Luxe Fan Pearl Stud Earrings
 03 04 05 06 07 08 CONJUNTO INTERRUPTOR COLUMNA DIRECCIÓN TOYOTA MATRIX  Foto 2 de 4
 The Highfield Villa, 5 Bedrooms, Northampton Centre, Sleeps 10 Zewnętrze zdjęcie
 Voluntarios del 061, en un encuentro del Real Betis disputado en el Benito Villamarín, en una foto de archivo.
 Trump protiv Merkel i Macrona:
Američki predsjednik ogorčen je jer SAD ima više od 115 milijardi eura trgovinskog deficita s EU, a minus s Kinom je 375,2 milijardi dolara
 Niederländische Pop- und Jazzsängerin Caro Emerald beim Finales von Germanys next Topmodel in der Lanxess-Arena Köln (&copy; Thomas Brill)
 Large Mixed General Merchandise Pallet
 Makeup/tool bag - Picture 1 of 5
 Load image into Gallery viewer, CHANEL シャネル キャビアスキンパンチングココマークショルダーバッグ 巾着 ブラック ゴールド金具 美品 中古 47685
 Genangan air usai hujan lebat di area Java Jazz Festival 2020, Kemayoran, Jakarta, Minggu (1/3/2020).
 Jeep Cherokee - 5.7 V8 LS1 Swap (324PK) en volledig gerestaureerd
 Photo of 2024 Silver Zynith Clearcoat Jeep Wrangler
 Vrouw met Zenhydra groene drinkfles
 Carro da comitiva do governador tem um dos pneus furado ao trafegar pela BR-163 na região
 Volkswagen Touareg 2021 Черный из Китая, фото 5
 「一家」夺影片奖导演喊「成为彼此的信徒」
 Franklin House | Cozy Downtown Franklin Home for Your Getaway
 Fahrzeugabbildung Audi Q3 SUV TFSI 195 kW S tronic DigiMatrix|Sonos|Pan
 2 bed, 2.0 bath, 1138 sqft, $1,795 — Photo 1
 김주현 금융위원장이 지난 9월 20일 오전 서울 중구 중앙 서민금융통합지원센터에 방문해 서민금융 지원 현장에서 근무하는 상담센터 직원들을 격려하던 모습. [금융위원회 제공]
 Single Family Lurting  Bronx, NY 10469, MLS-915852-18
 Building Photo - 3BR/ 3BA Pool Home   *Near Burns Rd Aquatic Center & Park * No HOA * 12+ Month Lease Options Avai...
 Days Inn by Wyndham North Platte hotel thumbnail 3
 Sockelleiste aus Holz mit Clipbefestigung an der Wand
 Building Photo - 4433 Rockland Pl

*EXERCISE INSTRUCTIONS*:
Copy every line of the records above, starting with the first, up to and including the line containing "Trump protiv Merkel".

*EXERCISE ANSWER*:
Luxe Fan Pearl Stud Earrings
 03 04 05 06 07 08 CONJUNTO INTERRUPTOR COLUMNA DIRECCIÓN TOYOTA MATRIX  Foto 2 de 4
 The Highfield Villa, 5 Bedrooms, Northampton Centre, Sleeps 10 Zewnętrze zdjęcie
 Voluntarios del 061, en un encuentro del Real Betis disputado en el Benito Villamarín, en una foto de archivo.
 Trump protiv Merkel i Macrona:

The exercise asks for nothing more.